What is a true food poisoning?

Ingestion of a pre-formed toxin (no organism needed)
Faster acting (hours)
Survive cooking/heating


What is a food-associated infection?

Food is a vehicle for a pathogen
Slower onset of symptoms


How can a pathogen change fluid balance to cause GI disease?

Change the balance of water and electrolytes in the small bowel causing massive fluid secretion


How do cell destruction and inflammation occur to cause GI disease?

Invasion and/or cytotoxin production
Will lead to a fever


How does invasion cause GI disease?

Penetrates intestinal mucosa allowing the pathogen to spread and multiply outside of the bowel
Blood or pus found in feces


What is diarrhea?

The most common outcome of GI tract infections that increases fluid and electrolyte loss in the gut lumen (unformed or liquid faeces)


What does diarrhea allow?

Allows the host to get rid of the pathogen and the pathogen to disseminate


How does diarrhea differ in resource-rich and resource poor region?

Poor: Major cause of mortality in children
Rich: Usually mild and self-limiting except in very young, elderly and immunocompromised


How do we determine the cause of the diarrhea?

Generally difficult to identify based solely on symptoms (important in outbreaks)
Get patient history (food intake, travel)
Macroscopic and microscopic examination of feces for blood and pus


What is a common bacterial cause of diarrhea?
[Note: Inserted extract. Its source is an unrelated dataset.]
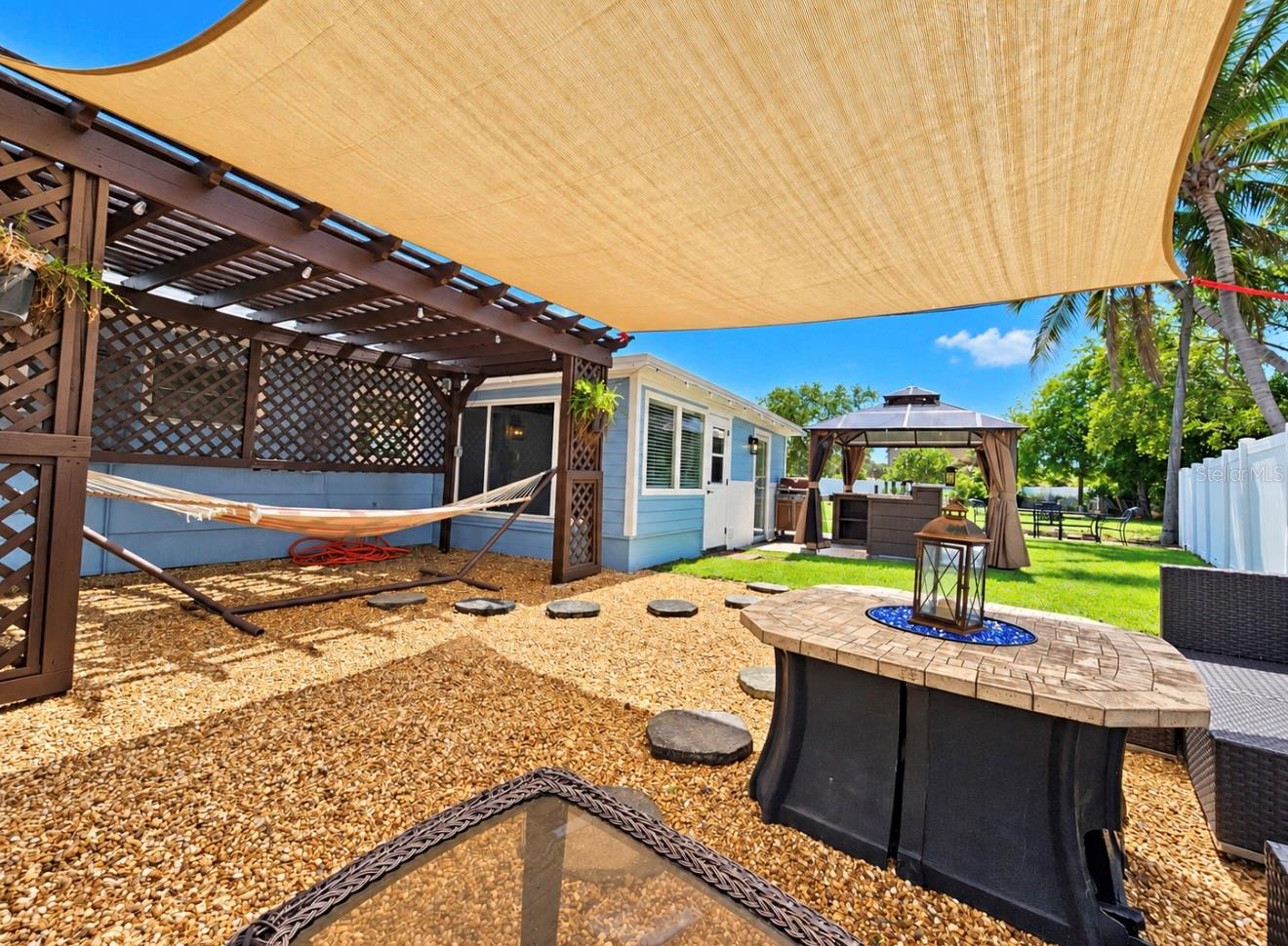 3982 POINSETTIA DR — photo 54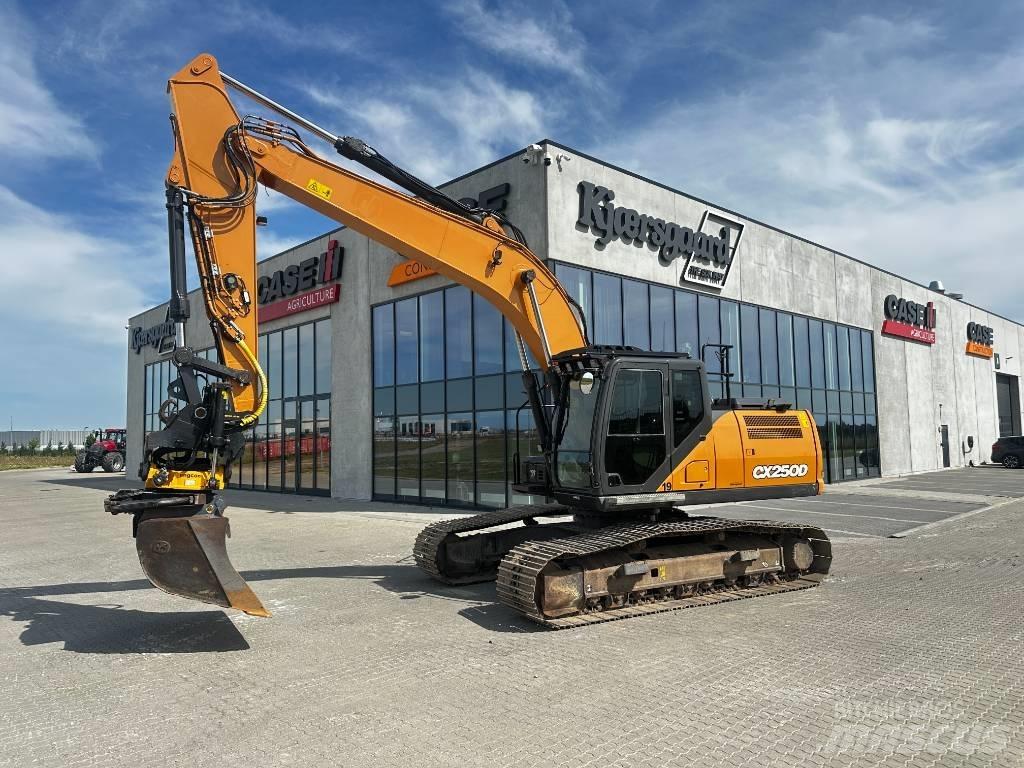 CASE CX 250 D Raupenbagger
E. coli, most versatile, member of gut flora


What does Enteropathogenic E. coli (EPEC) cause?

Sporadic cases and outbreak of diarrhea in babies and young children
No toxin production


What are the virulence factors of EPEC?

Adhesions, bundle-forming pili and intimin to attach to epithelial cells and microvillus


What does Enterotoxigenic E. coli (ETEC) cause?

Most important cause of bacterial diarrhea in children
Presence of E. coli not necessarily important, plasmid is (Need lots to cause problems)


How does ETEC work?

Binds to receptors on the cell membrane of the small intestine and produces plasma encoded toxins (heat labile and stable)


How do the 2 plasmid encoded toxins of ETEC work?

Heat labile (LT) toxin increases cAMP, similar mode of action to cholera
Heat stable (ST) toxin increases guanylate cyclase activity which increase cGMP and fluid secretion


Where is Enterohaemorrhagic E.coli (EHEC) found?

In the intestine of healthy cattle (uncooked ground beef, unpasteurized milk/juices, contaminated water, bean sprouts, celery)
"Hamburger disease"


How does EHEC work?

Invasive and makes toxins that damage the large intestine by inhibiting protein synthesis
Verotoxin I and II (VTEC) or "Shiga like toxin" (SLT-1 and SLT-2)


What are some symptoms of EHEC?

Ulceration and bleeding of the large intestine causing bloody diarrhea
Destruction of RBC cause anemia (fatigue, weakness)
Low platelet count and sudden kidney damage


What is the ID50 of EHEC?

Very small, only takes a few to cause problems


What is the serotype of EHEC?

Serotype O157:H7


What are some complications of EHEC?

Hemorrhagic colitis (destruction of mucosa leading to hemorrhage and bloody diarrhea)
Hemolytic ureic syndrome (HUS-toxin in blood stream)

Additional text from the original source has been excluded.